[Collection entries]
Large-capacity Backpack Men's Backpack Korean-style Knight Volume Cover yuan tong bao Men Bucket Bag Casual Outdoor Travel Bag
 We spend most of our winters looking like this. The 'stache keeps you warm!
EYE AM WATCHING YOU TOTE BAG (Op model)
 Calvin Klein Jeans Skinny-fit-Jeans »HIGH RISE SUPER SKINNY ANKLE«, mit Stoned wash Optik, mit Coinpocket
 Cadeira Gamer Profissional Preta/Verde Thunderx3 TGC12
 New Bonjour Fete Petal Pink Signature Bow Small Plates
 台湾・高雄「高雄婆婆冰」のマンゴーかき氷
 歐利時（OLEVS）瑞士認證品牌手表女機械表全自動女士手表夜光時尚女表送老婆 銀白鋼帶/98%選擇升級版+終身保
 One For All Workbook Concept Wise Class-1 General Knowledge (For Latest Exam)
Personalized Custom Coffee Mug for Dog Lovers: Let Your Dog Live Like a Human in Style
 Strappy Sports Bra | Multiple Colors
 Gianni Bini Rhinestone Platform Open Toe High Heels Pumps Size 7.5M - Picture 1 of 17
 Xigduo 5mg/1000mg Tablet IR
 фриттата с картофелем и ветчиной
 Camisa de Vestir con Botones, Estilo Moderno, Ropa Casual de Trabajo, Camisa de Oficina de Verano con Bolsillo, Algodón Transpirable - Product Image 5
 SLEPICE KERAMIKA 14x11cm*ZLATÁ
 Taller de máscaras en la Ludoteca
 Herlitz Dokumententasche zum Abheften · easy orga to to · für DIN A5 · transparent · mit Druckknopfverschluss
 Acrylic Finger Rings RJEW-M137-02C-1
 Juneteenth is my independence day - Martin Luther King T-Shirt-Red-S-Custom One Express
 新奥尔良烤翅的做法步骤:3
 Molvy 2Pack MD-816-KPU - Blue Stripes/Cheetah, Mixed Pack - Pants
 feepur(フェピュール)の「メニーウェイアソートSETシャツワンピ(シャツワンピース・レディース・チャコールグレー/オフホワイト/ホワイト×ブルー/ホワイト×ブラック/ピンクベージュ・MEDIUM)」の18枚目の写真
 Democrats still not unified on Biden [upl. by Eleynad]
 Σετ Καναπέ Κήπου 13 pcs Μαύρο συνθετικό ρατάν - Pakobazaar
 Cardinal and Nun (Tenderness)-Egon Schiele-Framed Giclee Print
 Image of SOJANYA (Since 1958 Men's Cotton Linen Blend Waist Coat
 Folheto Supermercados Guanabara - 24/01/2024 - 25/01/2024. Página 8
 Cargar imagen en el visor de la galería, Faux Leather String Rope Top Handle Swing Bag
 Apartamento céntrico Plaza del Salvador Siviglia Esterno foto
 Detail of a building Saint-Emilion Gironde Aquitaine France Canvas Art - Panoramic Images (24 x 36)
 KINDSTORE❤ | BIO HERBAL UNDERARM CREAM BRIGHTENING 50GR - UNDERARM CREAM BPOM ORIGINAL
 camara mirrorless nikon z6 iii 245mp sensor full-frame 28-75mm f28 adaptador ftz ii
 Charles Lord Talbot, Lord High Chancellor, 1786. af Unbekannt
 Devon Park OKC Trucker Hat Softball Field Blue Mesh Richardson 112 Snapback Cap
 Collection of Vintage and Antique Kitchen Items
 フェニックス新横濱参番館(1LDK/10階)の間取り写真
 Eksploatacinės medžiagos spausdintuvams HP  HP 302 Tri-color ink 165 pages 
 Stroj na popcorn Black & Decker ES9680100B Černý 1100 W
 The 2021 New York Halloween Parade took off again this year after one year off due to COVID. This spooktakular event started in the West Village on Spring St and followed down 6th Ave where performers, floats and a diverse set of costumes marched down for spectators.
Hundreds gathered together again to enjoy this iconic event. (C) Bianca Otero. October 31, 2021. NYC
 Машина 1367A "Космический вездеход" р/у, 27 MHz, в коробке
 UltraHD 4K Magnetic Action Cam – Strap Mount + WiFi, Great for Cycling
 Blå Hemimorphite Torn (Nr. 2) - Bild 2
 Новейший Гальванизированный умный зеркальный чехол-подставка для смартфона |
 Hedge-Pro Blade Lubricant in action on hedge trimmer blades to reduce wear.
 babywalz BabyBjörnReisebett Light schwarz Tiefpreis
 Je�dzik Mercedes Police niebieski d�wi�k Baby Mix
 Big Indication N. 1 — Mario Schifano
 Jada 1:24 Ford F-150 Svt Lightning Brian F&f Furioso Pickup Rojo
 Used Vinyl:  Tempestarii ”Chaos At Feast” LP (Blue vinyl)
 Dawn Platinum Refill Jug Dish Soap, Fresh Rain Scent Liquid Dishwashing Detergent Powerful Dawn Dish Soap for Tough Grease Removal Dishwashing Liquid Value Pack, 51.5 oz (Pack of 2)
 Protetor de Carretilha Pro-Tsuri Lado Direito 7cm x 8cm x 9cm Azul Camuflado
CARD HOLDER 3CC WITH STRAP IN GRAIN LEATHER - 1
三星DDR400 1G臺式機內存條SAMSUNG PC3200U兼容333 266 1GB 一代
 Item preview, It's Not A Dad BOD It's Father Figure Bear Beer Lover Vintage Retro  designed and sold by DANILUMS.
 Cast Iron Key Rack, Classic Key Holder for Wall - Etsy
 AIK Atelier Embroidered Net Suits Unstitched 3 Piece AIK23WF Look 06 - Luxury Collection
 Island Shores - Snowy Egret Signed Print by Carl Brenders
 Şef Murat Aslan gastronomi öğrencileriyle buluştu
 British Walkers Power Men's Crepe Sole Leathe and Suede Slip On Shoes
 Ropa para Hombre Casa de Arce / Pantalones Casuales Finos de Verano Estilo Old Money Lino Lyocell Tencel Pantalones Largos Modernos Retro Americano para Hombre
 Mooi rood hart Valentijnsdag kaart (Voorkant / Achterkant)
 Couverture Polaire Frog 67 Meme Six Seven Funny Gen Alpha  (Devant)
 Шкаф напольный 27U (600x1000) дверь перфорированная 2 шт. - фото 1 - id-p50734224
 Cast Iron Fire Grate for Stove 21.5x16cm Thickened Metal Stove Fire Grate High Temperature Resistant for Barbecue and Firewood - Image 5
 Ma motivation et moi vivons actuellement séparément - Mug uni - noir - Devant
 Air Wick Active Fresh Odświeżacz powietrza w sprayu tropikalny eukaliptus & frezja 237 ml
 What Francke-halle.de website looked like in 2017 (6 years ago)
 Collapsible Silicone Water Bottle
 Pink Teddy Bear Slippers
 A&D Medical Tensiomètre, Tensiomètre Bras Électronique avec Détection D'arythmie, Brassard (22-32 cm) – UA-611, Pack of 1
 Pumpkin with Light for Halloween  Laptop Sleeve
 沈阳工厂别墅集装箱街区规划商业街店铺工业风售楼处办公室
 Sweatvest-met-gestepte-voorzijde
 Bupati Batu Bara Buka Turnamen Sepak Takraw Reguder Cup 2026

[Prompt] What lines in the entries above hold "Verano"? Copy every one.

[Exercise output]
 Camisa de Vestir con Botones, Estilo Moderno, Ropa Casual de Trabajo, Camisa de Oficina de Verano con Bolsillo, Algodón Transpirable - Product Image 5
 Ropa para Hombre Casa de Arce / Pantalones Casuales Finos de Verano Estilo Old Money Lino Lyocell Tencel Pantalones Largos Modernos Retro Americano para Hombre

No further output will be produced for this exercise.